Write out each record a second time, exactly.

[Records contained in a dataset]
# # # # #
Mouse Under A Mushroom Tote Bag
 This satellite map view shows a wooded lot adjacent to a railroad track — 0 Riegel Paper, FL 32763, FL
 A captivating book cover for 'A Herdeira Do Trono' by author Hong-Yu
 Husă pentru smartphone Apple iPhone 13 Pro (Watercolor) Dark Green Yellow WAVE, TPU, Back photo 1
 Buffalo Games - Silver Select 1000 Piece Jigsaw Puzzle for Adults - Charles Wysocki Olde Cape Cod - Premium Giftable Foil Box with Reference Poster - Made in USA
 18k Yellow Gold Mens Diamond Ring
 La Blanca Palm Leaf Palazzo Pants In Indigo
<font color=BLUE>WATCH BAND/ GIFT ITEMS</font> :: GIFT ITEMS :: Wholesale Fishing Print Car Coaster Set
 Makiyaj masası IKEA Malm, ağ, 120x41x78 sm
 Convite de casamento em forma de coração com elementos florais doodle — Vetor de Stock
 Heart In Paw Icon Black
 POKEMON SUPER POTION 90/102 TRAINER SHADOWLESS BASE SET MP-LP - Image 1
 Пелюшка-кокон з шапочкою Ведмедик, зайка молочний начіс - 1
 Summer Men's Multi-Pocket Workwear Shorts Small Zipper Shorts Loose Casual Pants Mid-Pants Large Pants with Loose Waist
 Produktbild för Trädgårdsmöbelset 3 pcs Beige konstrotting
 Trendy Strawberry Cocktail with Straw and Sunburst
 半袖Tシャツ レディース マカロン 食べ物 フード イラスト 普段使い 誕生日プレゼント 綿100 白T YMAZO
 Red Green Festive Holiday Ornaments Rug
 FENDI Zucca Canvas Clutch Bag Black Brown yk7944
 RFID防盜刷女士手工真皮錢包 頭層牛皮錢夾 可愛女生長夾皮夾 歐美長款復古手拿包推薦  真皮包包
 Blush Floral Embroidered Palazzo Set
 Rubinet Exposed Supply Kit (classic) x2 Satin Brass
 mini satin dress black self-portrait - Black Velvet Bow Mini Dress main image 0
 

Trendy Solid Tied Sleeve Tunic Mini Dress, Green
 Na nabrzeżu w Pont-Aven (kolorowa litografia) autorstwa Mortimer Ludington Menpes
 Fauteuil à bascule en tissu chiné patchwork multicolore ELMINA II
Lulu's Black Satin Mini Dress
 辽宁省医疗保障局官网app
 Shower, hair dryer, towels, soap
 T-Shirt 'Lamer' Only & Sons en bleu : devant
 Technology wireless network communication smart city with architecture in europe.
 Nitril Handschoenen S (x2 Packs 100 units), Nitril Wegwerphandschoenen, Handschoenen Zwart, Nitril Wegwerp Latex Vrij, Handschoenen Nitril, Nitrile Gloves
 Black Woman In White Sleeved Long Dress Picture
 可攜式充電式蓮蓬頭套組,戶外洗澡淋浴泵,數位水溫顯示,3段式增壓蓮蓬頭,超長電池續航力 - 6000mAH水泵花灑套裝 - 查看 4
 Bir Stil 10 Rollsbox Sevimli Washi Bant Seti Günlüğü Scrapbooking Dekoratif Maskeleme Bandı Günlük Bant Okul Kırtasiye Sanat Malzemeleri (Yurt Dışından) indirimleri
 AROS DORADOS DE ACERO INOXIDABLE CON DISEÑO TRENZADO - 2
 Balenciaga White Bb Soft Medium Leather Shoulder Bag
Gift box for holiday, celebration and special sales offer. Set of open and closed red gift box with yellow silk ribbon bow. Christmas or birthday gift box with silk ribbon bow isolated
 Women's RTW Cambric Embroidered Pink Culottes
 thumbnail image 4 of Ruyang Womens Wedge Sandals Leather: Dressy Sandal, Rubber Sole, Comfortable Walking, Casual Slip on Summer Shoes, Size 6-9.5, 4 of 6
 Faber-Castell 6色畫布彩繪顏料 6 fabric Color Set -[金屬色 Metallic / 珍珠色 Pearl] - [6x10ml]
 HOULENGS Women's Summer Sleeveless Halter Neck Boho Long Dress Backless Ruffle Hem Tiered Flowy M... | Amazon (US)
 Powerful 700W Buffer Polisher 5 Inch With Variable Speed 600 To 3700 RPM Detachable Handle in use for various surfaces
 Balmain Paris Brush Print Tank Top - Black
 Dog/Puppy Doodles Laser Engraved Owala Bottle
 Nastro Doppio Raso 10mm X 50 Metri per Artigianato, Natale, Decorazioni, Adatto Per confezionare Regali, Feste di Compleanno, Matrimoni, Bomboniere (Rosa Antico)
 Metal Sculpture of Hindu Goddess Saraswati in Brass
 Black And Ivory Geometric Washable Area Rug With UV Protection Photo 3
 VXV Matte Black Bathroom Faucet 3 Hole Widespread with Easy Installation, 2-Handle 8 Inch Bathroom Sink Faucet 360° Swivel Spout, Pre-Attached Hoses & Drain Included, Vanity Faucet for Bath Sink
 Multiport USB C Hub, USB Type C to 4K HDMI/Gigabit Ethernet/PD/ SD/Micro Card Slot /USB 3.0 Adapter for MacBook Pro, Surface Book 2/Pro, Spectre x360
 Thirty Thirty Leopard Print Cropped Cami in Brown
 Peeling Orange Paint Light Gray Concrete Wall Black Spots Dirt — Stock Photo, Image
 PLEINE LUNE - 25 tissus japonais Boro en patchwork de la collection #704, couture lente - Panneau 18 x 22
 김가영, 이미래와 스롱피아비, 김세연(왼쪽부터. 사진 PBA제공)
# # # # #
» Your solution:
Mouse Under A Mushroom Tote Bag
 This satellite map view shows a wooded lot adjacent to a railroad track — 0 Riegel Paper, FL 32763, FL
 A captivating book cover for 'A Herdeira Do Trono' by author Hong-Yu
 Husă pentru smartphone Apple iPhone 13 Pro (Watercolor) Dark Green Yellow WAVE, TPU, Back photo 1
 Buffalo Games - Silver Select 1000 Piece Jigsaw Puzzle for Adults - Charles Wysocki Olde Cape Cod - Premium Giftable Foil Box with Reference Poster - Made in USA
 18k Yellow Gold Mens Diamond Ring
 La Blanca Palm Leaf Palazzo Pants In Indigo
<font color=BLUE>WATCH BAND/ GIFT ITEMS</font> :: GIFT ITEMS :: Wholesale Fishing Print Car Coaster Set
 Makiyaj masası IKEA Malm, ağ, 120x41x78 sm
 Convite de casamento em forma de coração com elementos florais doodle — Vetor de Stock
 Heart In Paw Icon Black
 POKEMON SUPER POTION 90/102 TRAINER SHADOWLESS BASE SET MP-LP - Image 1
 Пелюшка-кокон з шапочкою Ведмедик, зайка молочний начіс - 1
 Summer Men's Multi-Pocket Workwear Shorts Small Zipper Shorts Loose Casual Pants Mid-Pants Large Pants with Loose Waist
 Produktbild för Trädgårdsmöbelset 3 pcs Beige konstrotting
 Trendy Strawberry Cocktail with Straw and Sunburst
 半袖Tシャツ レディース マカロン 食べ物 フード イラスト 普段使い 誕生日プレゼント 綿100 白T YMAZO
 Red Green Festive Holiday Ornaments Rug
 FENDI Zucca Canvas Clutch Bag Black Brown yk7944
 RFID防盜刷女士手工真皮錢包 頭層牛皮錢夾 可愛女生長夾皮夾 歐美長款復古手拿包推薦  真皮包包
 Blush Floral Embroidered Palazzo Set
 Rubinet Exposed Supply Kit (classic) x2 Satin Brass
 mini satin dress black self-portrait - Black Velvet Bow Mini Dress main image 0
 

Trendy Solid Tied Sleeve Tunic Mini Dress, Green
 Na nabrzeżu w Pont-Aven (kolorowa litografia) autorstwa Mortimer Ludington Menpes
 Fauteuil à bascule en tissu chiné patchwork multicolore ELMINA II
Lulu's Black Satin Mini Dress
 辽宁省医疗保障局官网app
 Shower, hair dryer, towels, soap
 T-Shirt 'Lamer' Only & Sons en bleu : devant
 Technology wireless network communication smart city with architecture in europe.
 Nitril Handschoenen S (x2 Packs 100 units), Nitril Wegwerphandschoenen, Handschoenen Zwart, Nitril Wegwerp Latex Vrij, Handschoenen Nitril, Nitrile Gloves
 Black Woman In White Sleeved Long Dress Picture
 可攜式充電式蓮蓬頭套組,戶外洗澡淋浴泵,數位水溫顯示,3段式增壓蓮蓬頭,超長電池續航力 - 6000mAH水泵花灑套裝 - 查看 4
 Bir Stil 10 Rollsbox Sevimli Washi Bant Seti Günlüğü Scrapbooking Dekoratif Maskeleme Bandı Günlük Bant Okul Kırtasiye Sanat Malzemeleri (Yurt Dışından) indirimleri
 AROS DORADOS DE ACERO INOXIDABLE CON DISEÑO TRENZADO - 2
 Balenciaga White Bb Soft Medium Leather Shoulder Bag
Gift box for holiday, celebration and special sales offer. Set of open and closed red gift box with yellow silk ribbon bow. Christmas or birthday gift box with silk ribbon bow isolated
 Women's RTW Cambric Embroidered Pink Culottes
 thumbnail image 4 of Ruyang Womens Wedge Sandals Leather: Dressy Sandal, Rubber Sole, Comfortable Walking, Casual Slip on Summer Shoes, Size 6-9.5, 4 of 6
 Faber-Castell 6色畫布彩繪顏料 6 fabric Color Set -[金屬色 Metallic / 珍珠色 Pearl] - [6x10ml]
 HOULENGS Women's Summer Sleeveless Halter Neck Boho Long Dress Backless Ruffle Hem Tiered Flowy M... | Amazon (US)
 Powerful 700W Buffer Polisher 5 Inch With Variable Speed 600 To 3700 RPM Detachable Handle in use for various surfaces
 Balmain Paris Brush Print Tank Top - Black
 Dog/Puppy Doodles Laser Engraved Owala Bottle
 Nastro Doppio Raso 10mm X 50 Metri per Artigianato, Natale, Decorazioni, Adatto Per confezionare Regali, Feste di Compleanno, Matrimoni, Bomboniere (Rosa Antico)
 Metal Sculpture of Hindu Goddess Saraswati in Brass
 Black And Ivory Geometric Washable Area Rug With UV Protection Photo 3
 VXV Matte Black Bathroom Faucet 3 Hole Widespread with Easy Installation, 2-Handle 8 Inch Bathroom Sink Faucet 360° Swivel Spout, Pre-Attached Hoses & Drain Included, Vanity Faucet for Bath Sink
 Multiport USB C Hub, USB Type C to 4K HDMI/Gigabit Ethernet/PD/ SD/Micro Card Slot /USB 3.0 Adapter for MacBook Pro, Surface Book 2/Pro, Spectre x360
 Thirty Thirty Leopard Print Cropped Cami in Brown
 Peeling Orange Paint Light Gray Concrete Wall Black Spots Dirt — Stock Photo, Image
 PLEINE LUNE - 25 tissus japonais Boro en patchwork de la collection #704, couture lente - Panneau 18 x 22
 김가영, 이미래와 스롱피아비, 김세연(왼쪽부터. 사진 PBA제공)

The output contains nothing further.